I'm curious if in the time there were only 5000 stars even that small number still seemed like infinity. It's not in Shakespeare: for him stars are metaphors of guidance and fortune telling. In many cultures the most visible stars were supernatural people, particularly the wandering ones.

When I look at the Milky Way all I see is a smear of billions of stars sharing their light, an edge-on view of our galaxy. But historically it was generally a single object. A river is very common (whether milk, silver, or other). Or a cloud of underwater silt, a canoe, a small collection of animals. Wikipedia's scan on Khoisan culture has it as embers from a fire; that's closer to our modern understanding of a very large number of little lights.
posted by Nelson at 9:40 AM on September 19, 2023 [5 favorites]

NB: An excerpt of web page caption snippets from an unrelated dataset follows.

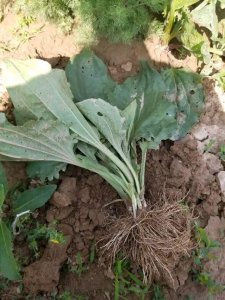 ​车前草有几个品种（农村常见的车前草竟然成了宝贝）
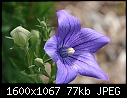Click image for larger version

Name:	Balloon-Flowers_6144.jpg
Views:	290
Size:	77.1 KB
ID:	12278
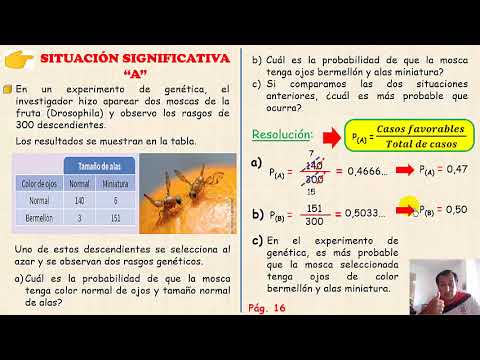Descubre el talento del destacado diseñador Javier de la Fuente en sus creaciones para madrinas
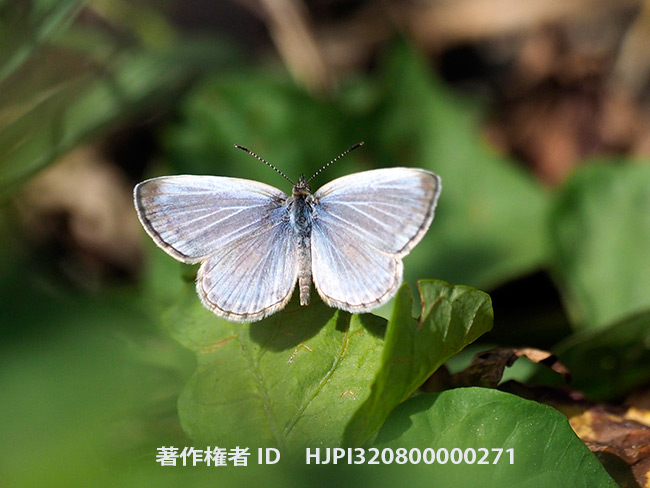 ルソン島のヤマトシジミ　Zizeeria maha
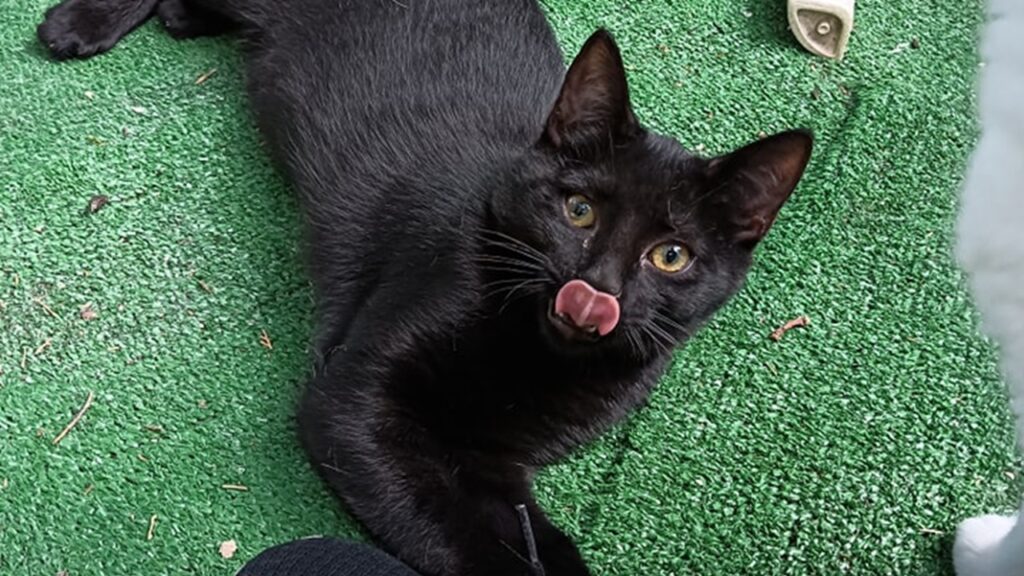 gattina con la lingua a forma di cuore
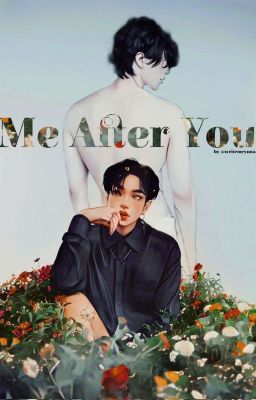 Me After You (Completed) cover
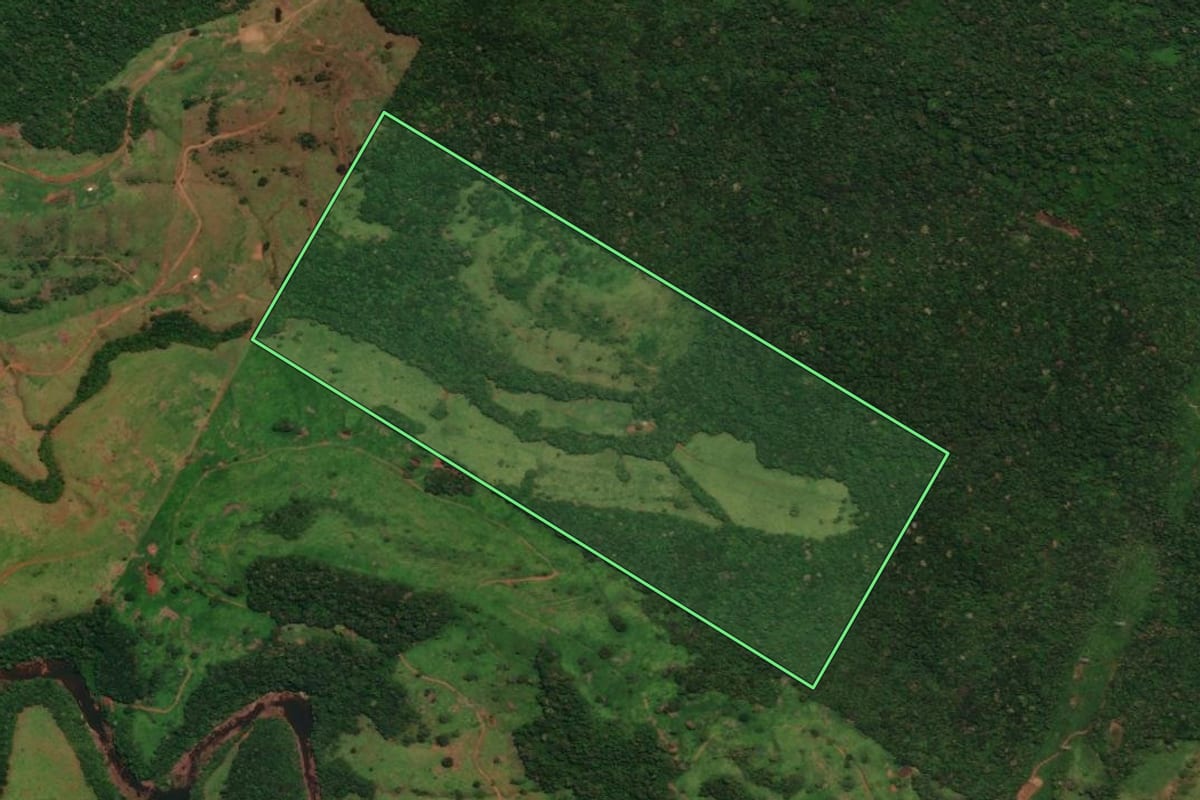 Imagem de satélite do imóvel rural em Guaraniaçu (PR), com o contorno declarado no CAR desenhado por cima.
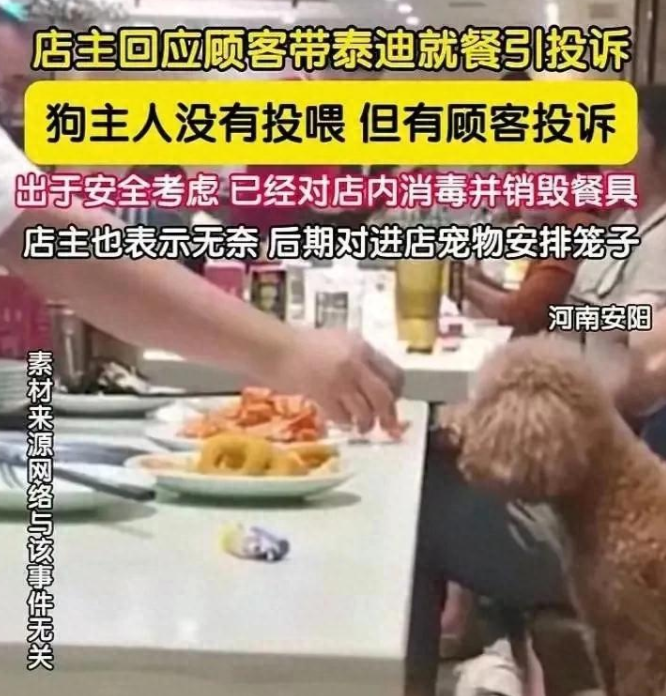 顾客带宠物狗上座吃饭，老板无奈将餐具销毁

Photo and timelapse details: they were all 20 second long exposures and the camera requires a minimum 1 second pause between exposures. I was using an Olympus OM-D E-M1 with an M.Zuiko 12mm ƒ/2.0 lens shooting wide open. It turns out the camera doesn't start counting that 1 second pause until after it finishes processing the previous frame, so the gap between photos is generally 2.something seconds but not entirely consistent. Once home I did a batch edit for dark-frame subtraction and then a second pass to adjust black levels and raise the midpoint. After that my process is literally just to tap the arrow keys on the keyboard and look for movement between frames. If I think I see something I'll toggle back and forth between two frames (there's a name for this technique but it escapes me at the moment). What I found this year is that almost everything that makes a streak in one frame is present in the next frame (and is almost always visible in more than two frames), which means that it's an object that was in the sky for multiple 20 second exposures. Since meteor streaks are basically instantaneous, that process allows me to rule out any object that's present in multiple frames. The timelapse displays at 24 frames per second.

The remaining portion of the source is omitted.